*** SOURCE INFORMATION ***
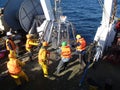 The Sea of Okhotsk / Russia - July 10 2015: Science expedition team on the stern of RV Akademik Lavrentyev preparing the multicore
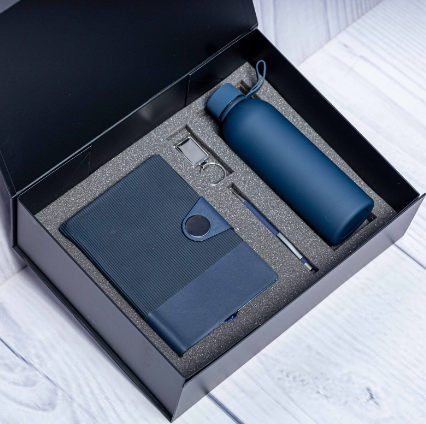 Custom laser-engraved executive 4-in-1 corporate gift set in blue with circular badge notebook by Print365 Kenya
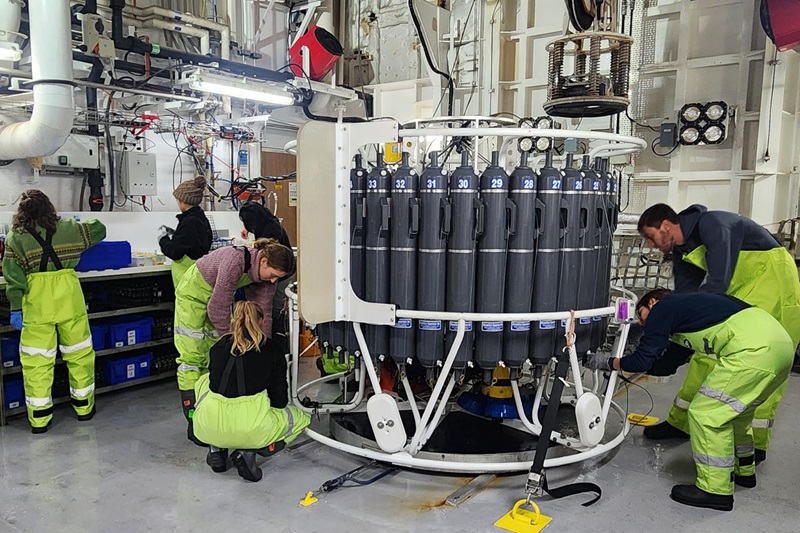 A group of people work around a large circular piece of scientific equipment in a laboratory.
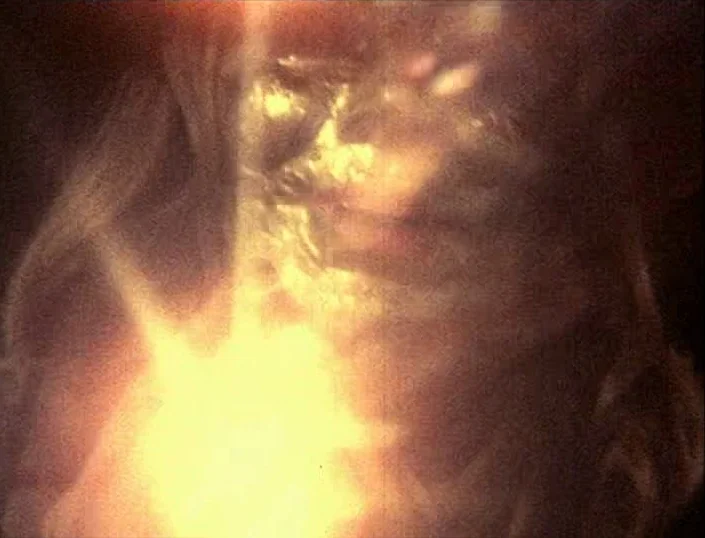 Glitterbug (1994) movie still: closeup — A dark space is overwhelmed by a concentrated point of intense yellow light. A face is partially visible…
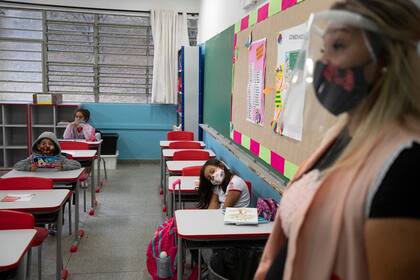 Una maestra trabaja con los estudiantes durante el primer día de regreso a clases presenciales en medio de la pandemia de Covid-19 en la escuela pública Raúl Antonio Fragoso en San Pablo, Brasil, el lunes 8 de febrero de 2021
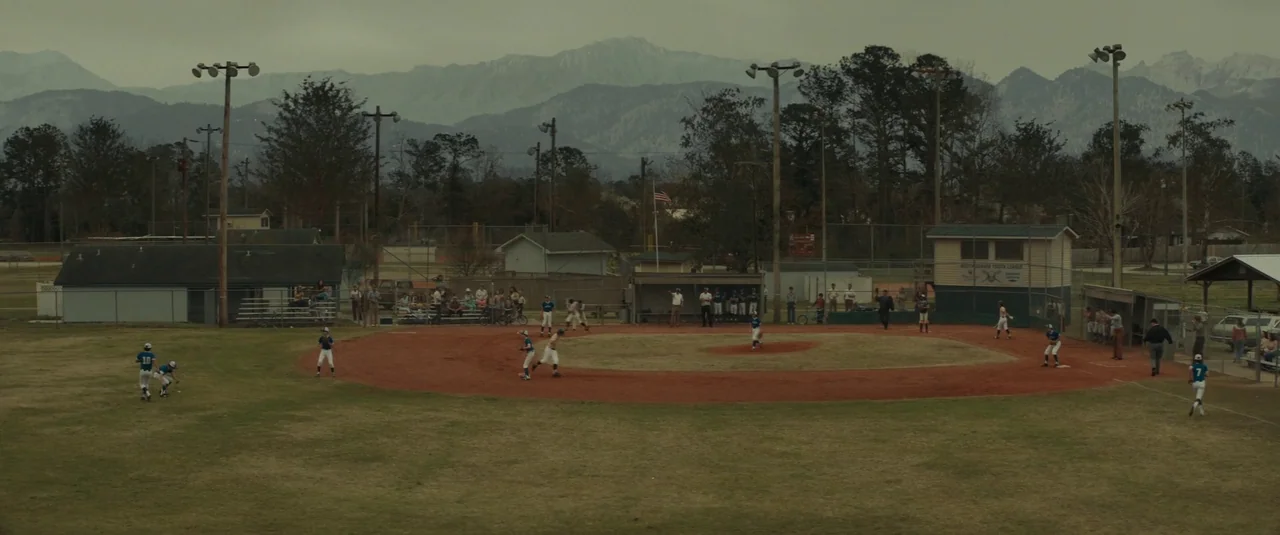 The Black Phone (2021) movie still: wide — A rural baseball field with red dirt sits before a range of distant mountains. Multiple baseball players…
*** End of SOURCE INFORMATION ***
=== WORK TO BE COMPLETED ===
Please write out exactly, and only, the lines from the beginning of the entries through the line containing "Custom laser-engraved executive", including both and skipping all pictures.

=== EXERCISE RESULT ===
 The Sea of Okhotsk / Russia - July 10 2015: Science expedition team on the stern of RV Akademik Lavrentyev preparing the multicore
 Custom laser-engraved executive 4-in-1 corporate gift set in blue with circular badge notebook by Print365 Kenya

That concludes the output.